Empirical economic research crucially relies on highly sensitive individual datasets. At the same time, increasing availability of public individual-level data that comes from social networks, public government records and directories makes it possible for adversaries to potentially de-identify anonymized records in sensitive research datasets. This increasing disclosure risk has incentivised large data curators, most notably the US Census bureau and several large companies including Apple, Facebook and Microsoft to look for algorithmic solutions to provide formal non-disclosure guarantees for their secure data. The most commonly accepted formal data security concept in the Computer Science community is referred to as differential privacy. Differential privacy restricts the interaction of the researcher with the data by allowing her to issue queries that evaluate the functions of the data.

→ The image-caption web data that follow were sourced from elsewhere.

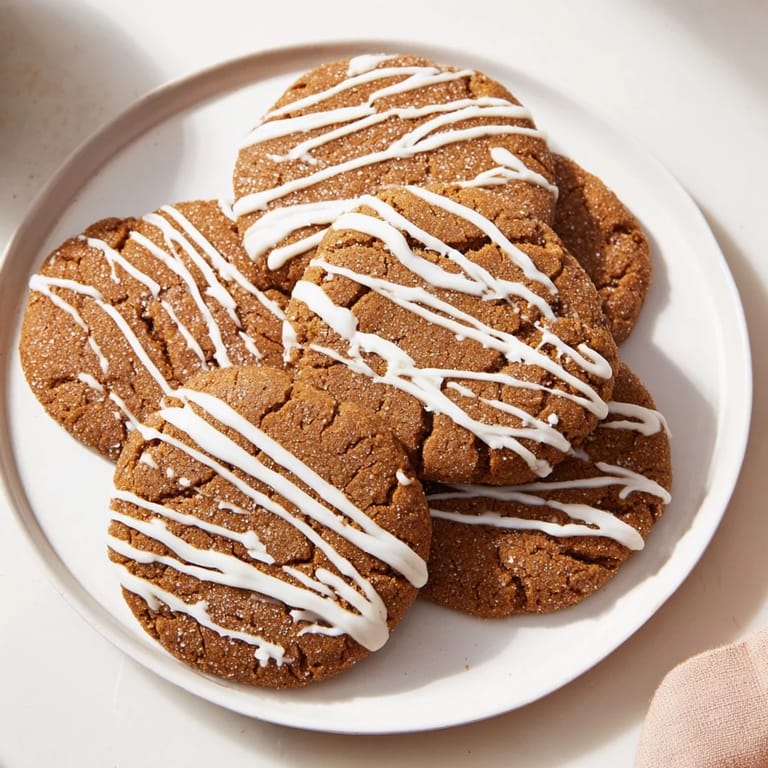 Freshly baked gingerbread latte cookies, with espresso notes and a creamy white chocolate topping.
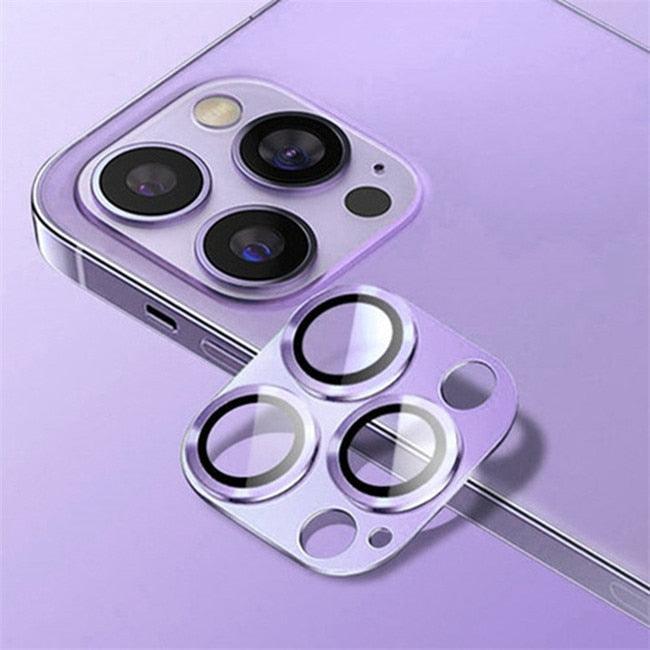 Camera Lens Metal Protector Glass For iPhone 14 13 Pro Max 13 Mini Back Lens Cap On iPhone 14 Plus Full Cover Protective Cases Metal Camera Cover with Tempered Glass Screen Protector by Stevvex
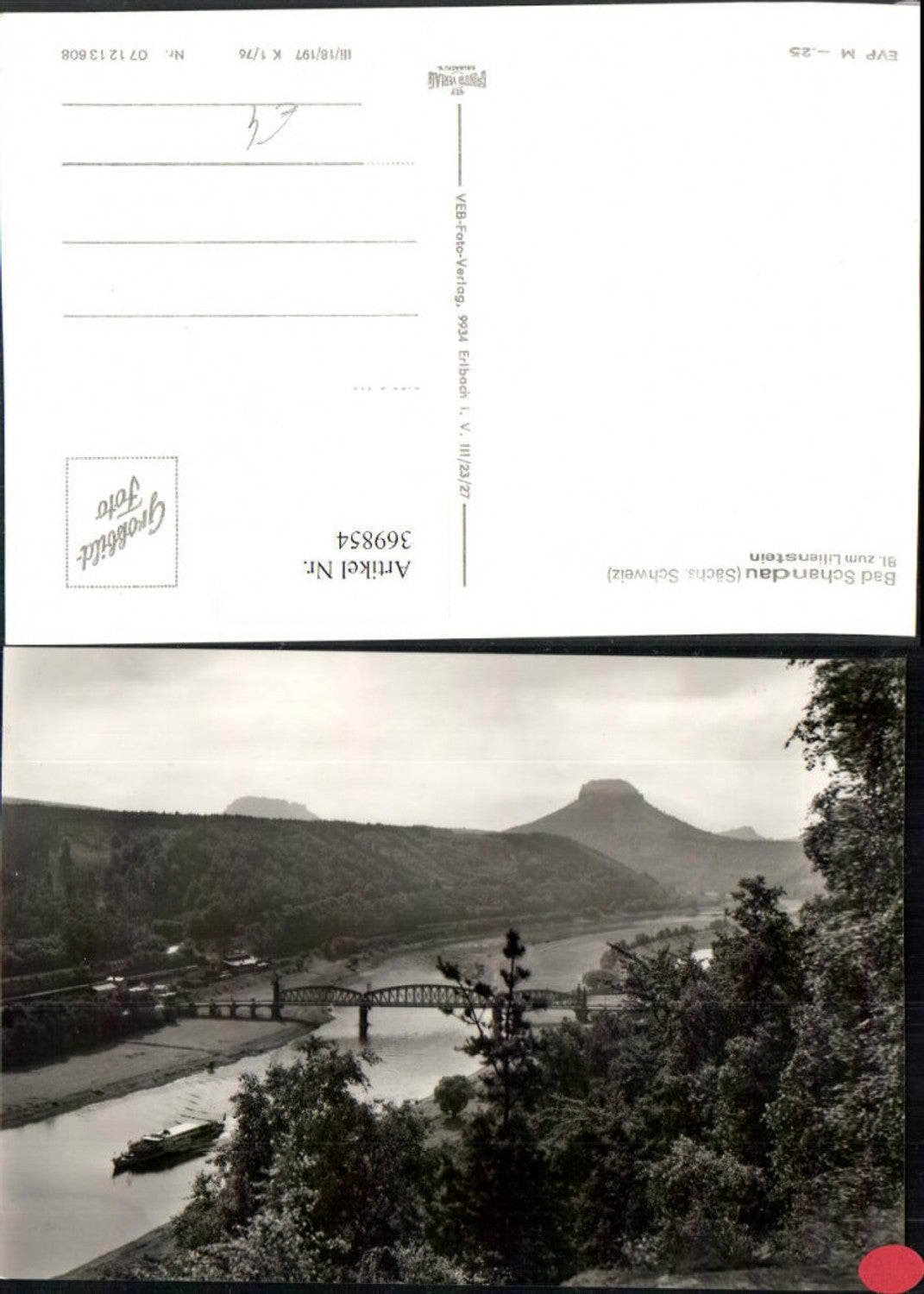369854,Sächsische Schweiz Bad Schandau Brücke m. Lilienstein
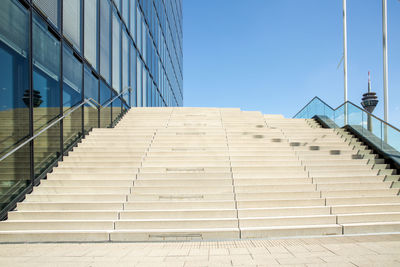 Low angle view of staircase against clear sky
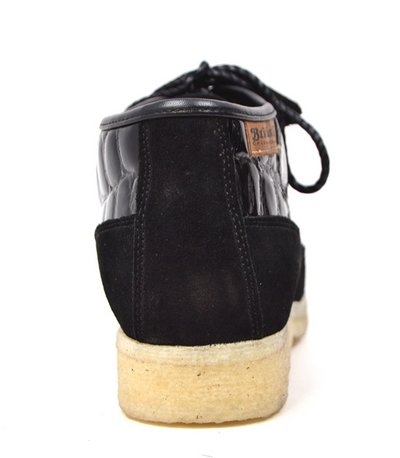 British Walkers Knicks Men's Handmade Black Suede and Croc Leather Lace Up Shoes view 7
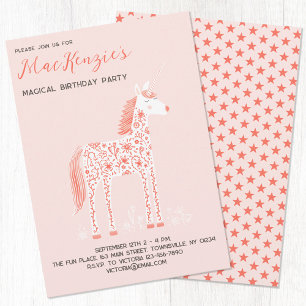 Invitación Magnífica fiesta de cumpleaños rosado Rubor Unicor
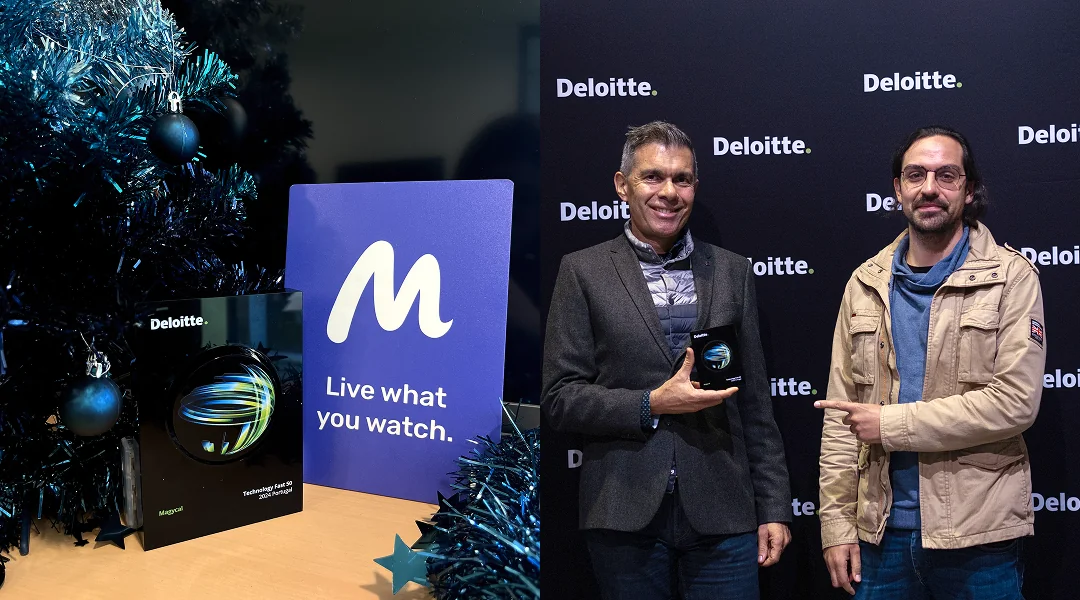 Physical Deloitte Technology Fast 50 Portugal 2024 Award and a photo Pedro and Eduardo receiving the prize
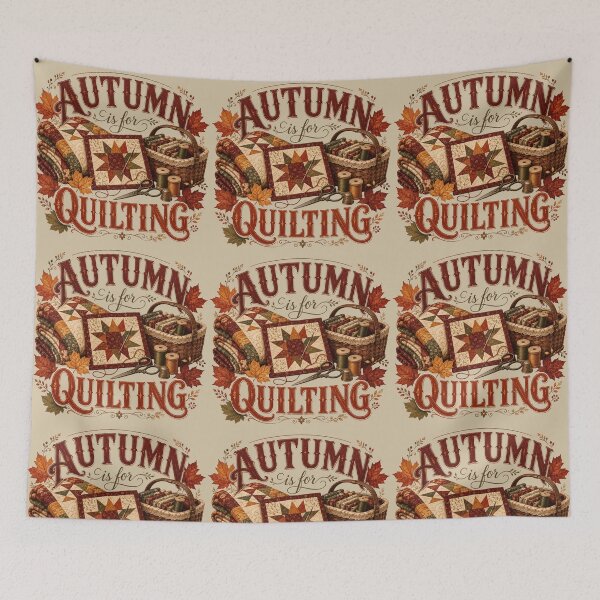 Item preview, Autumn Is for Quilting – Cozy Fall Quilter Design designed and sold by astersgraphics.
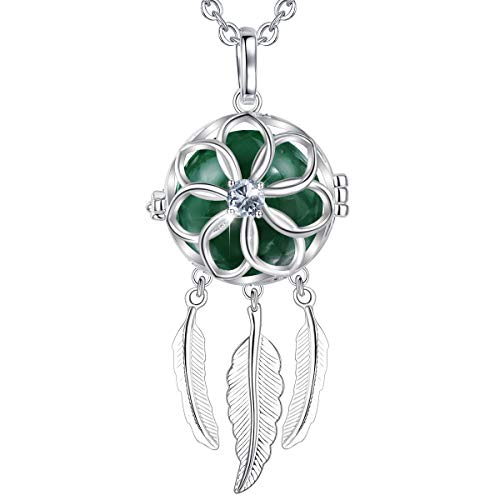 Harmony Ball Pregnancy Bola Necklace, Good Luck Dream Catcher Feather Harmony Ball Locket Angel Chime Bell 20 mm Mexican Bola Balls Pendant Necklace for Women Girls, 30"/45'' Chain(Dark Green)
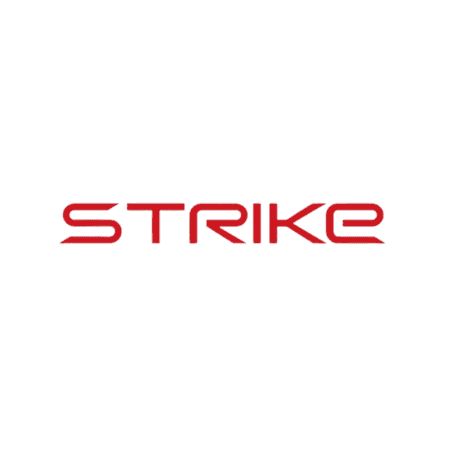 Text "STRIKE" written in red, stylized font on a transparent background.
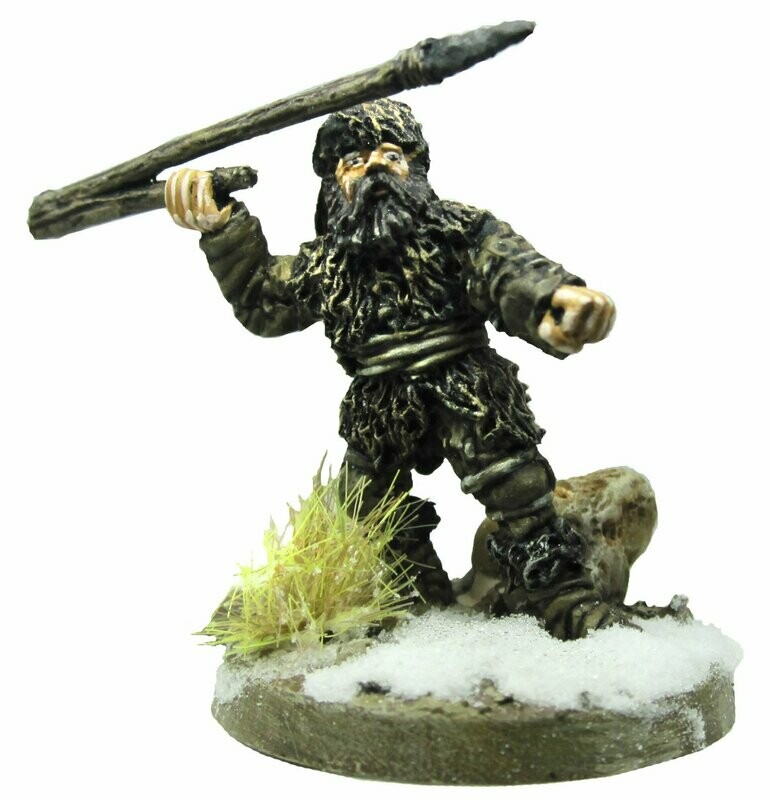 Prehistoric Settlement - 28mm Cavemen Hunter with spear thrower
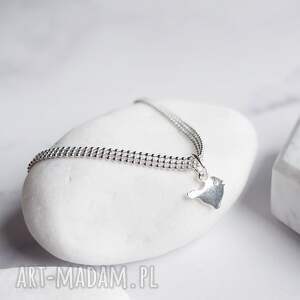 minimalistyczna bransoletka srebrna z ptaszkiem, bransoletka, ptaszek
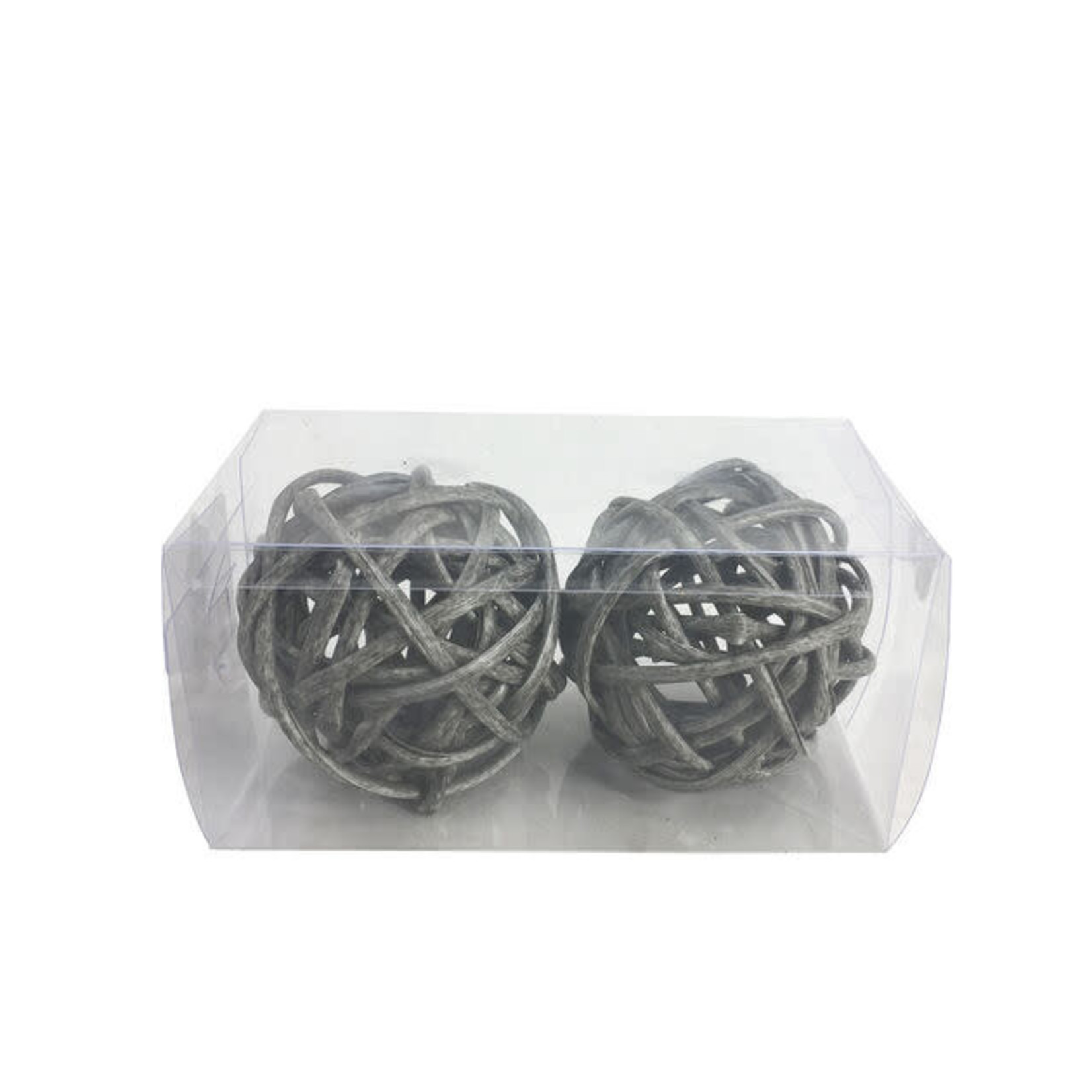 2 pk 4''x4'' Rattan Balls Gray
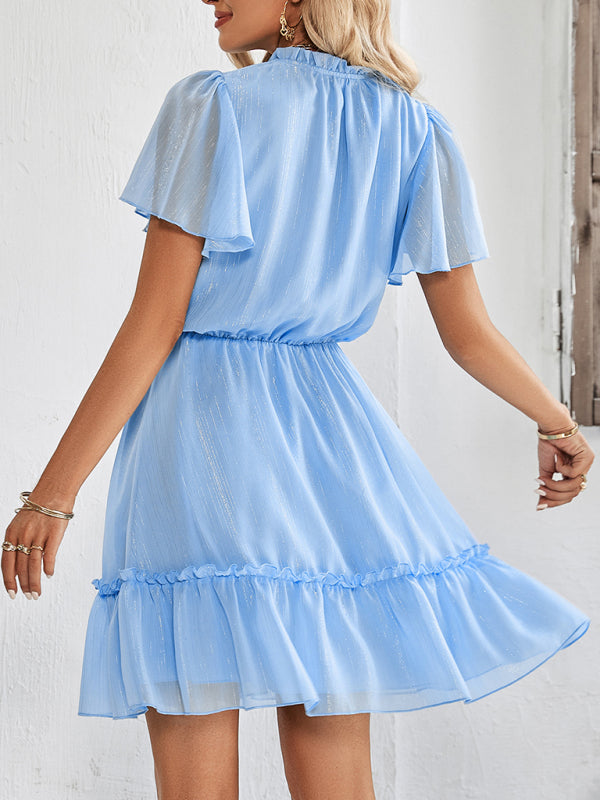 Women's Solid Color Flutter Sleeve V-neck Ruffle Skirt Dress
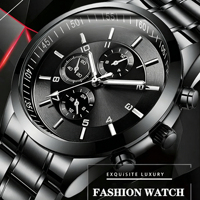 Jam Tangan Pria OEM Baru Mewah Tali Baja Anti Karat Diameter 40mm Quartz Kalender Tahan Air Bisnis Fashion Tampilan Sederhana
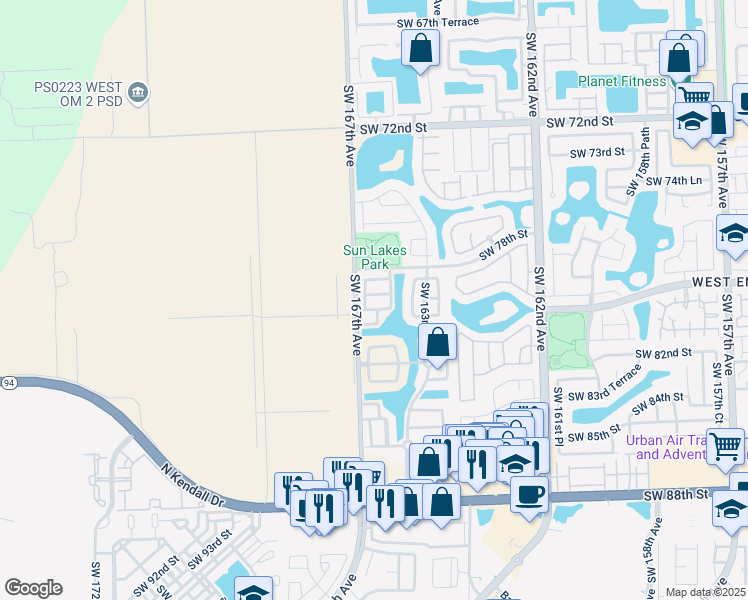 map of restaurants, bars, coffee shops, grocery stores, and more near 16634 Southwest 79th Terrace in Miami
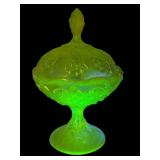 F2 - Fenton Vaseline Glass Covered Candy Dish Lily of the Valley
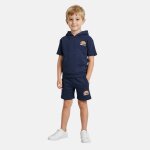 Ensemble t - shirt capuche et short gar�on � imprim� marine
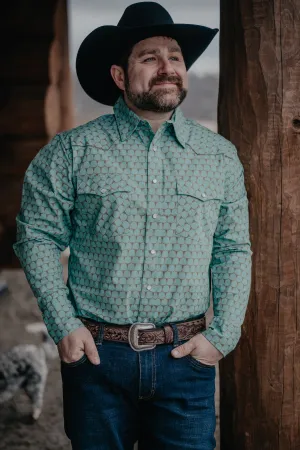 Longhorn Honey Comb Teal Pearl Snap by Justin Boots (1 S Only)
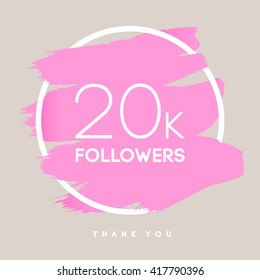 Vector thanks design template for network friends and followers. Thank you 20 K followers card. Image for Social Networks. Web user celebrates large number of subscribers or followers. 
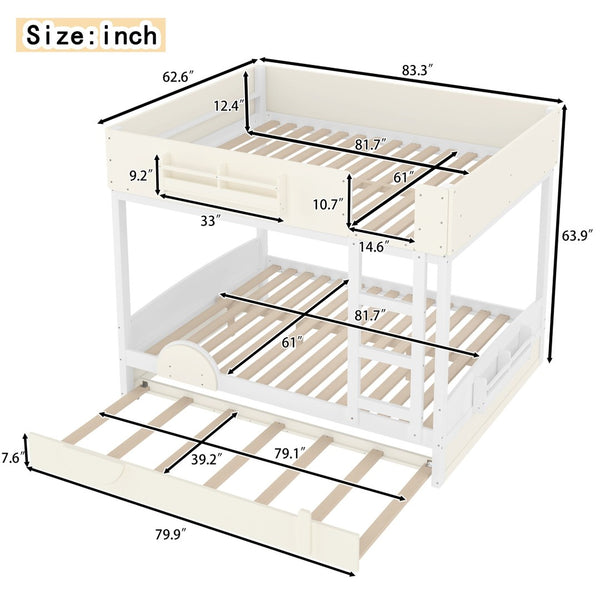 English Elm Queen Bunk Bed with Trundle Solid Pine Kids Car Themed Frame Built-in Bookshelf Beige+White W1580S00446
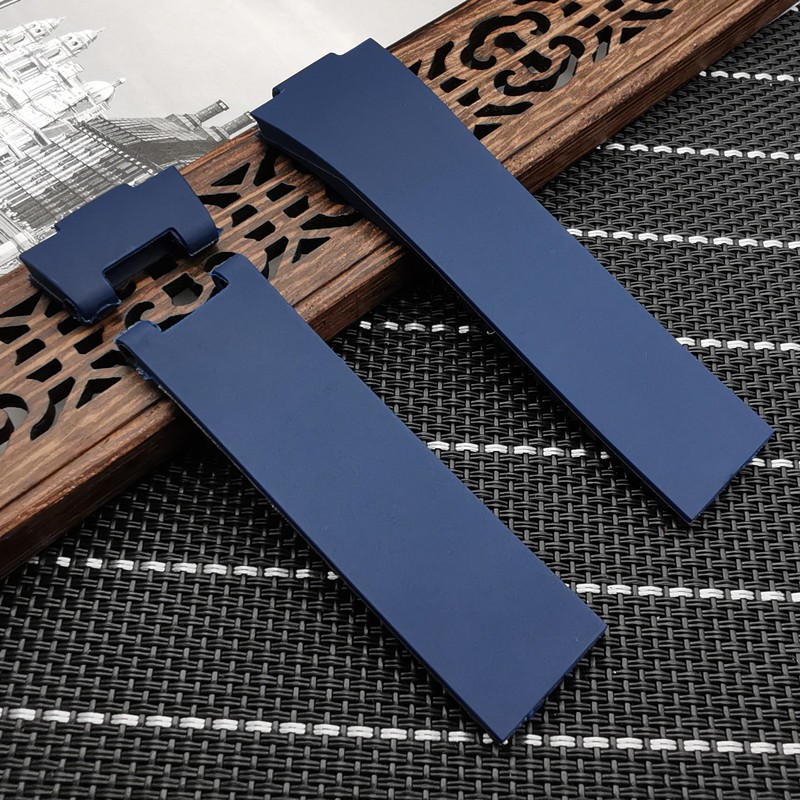 Silicone Rubber Watch Strap, High Quality, Water Resistant, 25 x 12mm, Black, Brown, Blue for Nardin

The differential privacy mechanism then replaces the actual outcome of the query with a randomised outcome with the amount of randomness determined by the sensitivity of the outcome to individual observations in the data. While differential privacy does provide formal data security guarantees, its impact on the identification of empirical economic models as well as on the performance of estimators in nonlinear empirical Econometric models has not been sufficiently studied. Since privacy protection mechanisms are inherently finite-sample procedures, we define the notion of identifiability of the parameter of interest as a property of the limit of experiments. It is naturally characterized by concepts from the random sets theory and is linked to the asymptotic behavior in measure of differentially private estimators. We demonstrate that particular instances of regression discontinuity design and average treatment effect may be problematic for inference with differential privacy. Under differential privacy their estimators can only be ensured to converge weakly with their asymptotic limit remaining random and, thus, may not be estimated consistently.This result is clearly supported by our simulation evidence. Our analysis suggests that many other estimators that rely on nuisance parameters may have similar properties with the requirement of differential privacy.